GOAL OF THE EXERCISE:
Look below for the line that contains "4th image of 67 Old Tavern Cir" and the line that contains "Máquina de tejer", then restate both of them and every line in between, exactly. No picture goes in the copy.

THE RECORDS:
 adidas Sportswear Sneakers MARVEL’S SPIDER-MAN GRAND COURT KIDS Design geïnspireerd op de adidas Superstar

==

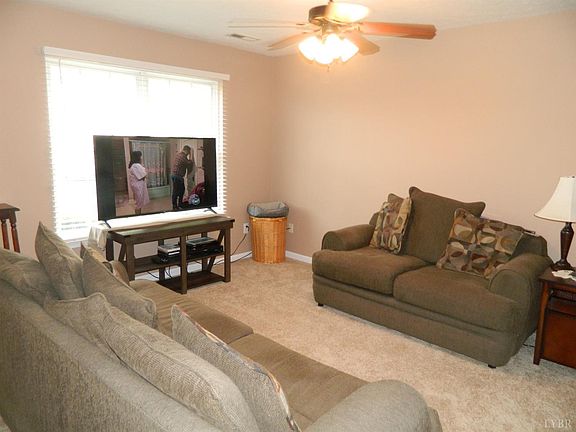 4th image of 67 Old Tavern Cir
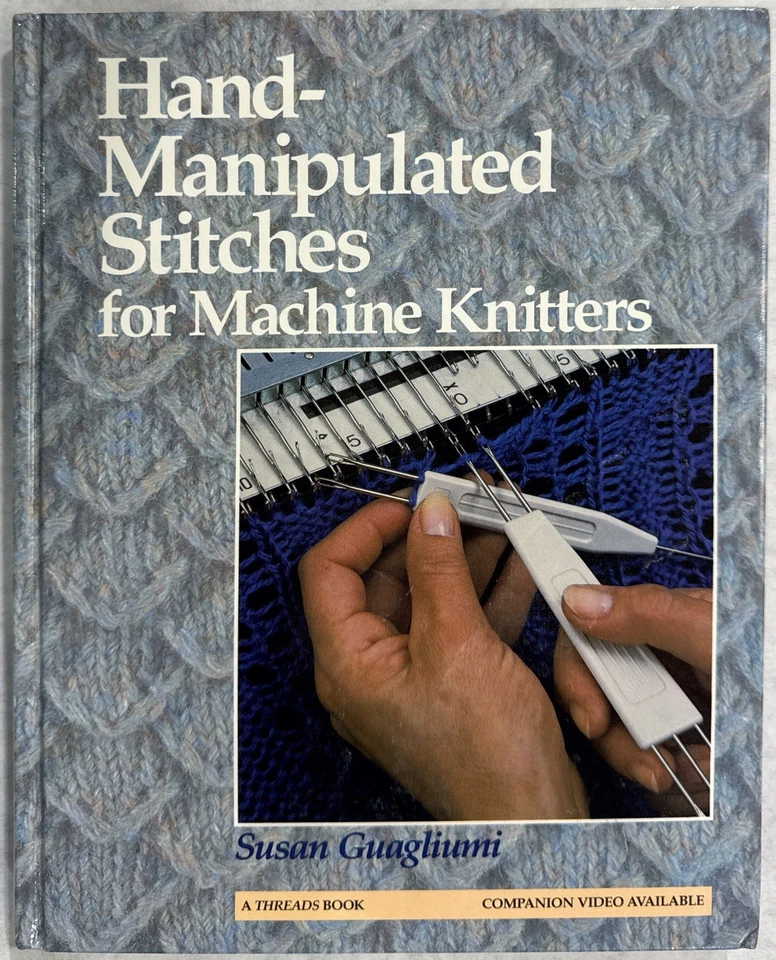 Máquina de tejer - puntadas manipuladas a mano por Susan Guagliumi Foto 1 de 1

TASK ANSWER:
 4th image of 67 Old Tavern Cir
 Máquina de tejer - puntadas manipuladas a mano por Susan Guagliumi Foto 1 de 1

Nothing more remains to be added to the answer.